*** Source data ***
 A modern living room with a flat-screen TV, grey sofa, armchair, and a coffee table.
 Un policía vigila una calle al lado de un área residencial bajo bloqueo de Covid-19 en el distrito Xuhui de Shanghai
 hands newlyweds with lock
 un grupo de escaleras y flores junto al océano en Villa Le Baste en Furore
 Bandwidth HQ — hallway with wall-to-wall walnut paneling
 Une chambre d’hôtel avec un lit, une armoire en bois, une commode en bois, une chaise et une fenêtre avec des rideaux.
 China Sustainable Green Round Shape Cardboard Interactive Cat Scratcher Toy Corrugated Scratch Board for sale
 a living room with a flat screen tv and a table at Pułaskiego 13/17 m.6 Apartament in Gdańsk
***
Task details
For the string "screen", show each line of the listing where it appears.

Answer box
 A modern living room with a flat-screen TV, grey sofa, armchair, and a coffee table.
 a living room with a flat screen tv and a table at Pułaskiego 13/17 m.6 Apartament in Gdańsk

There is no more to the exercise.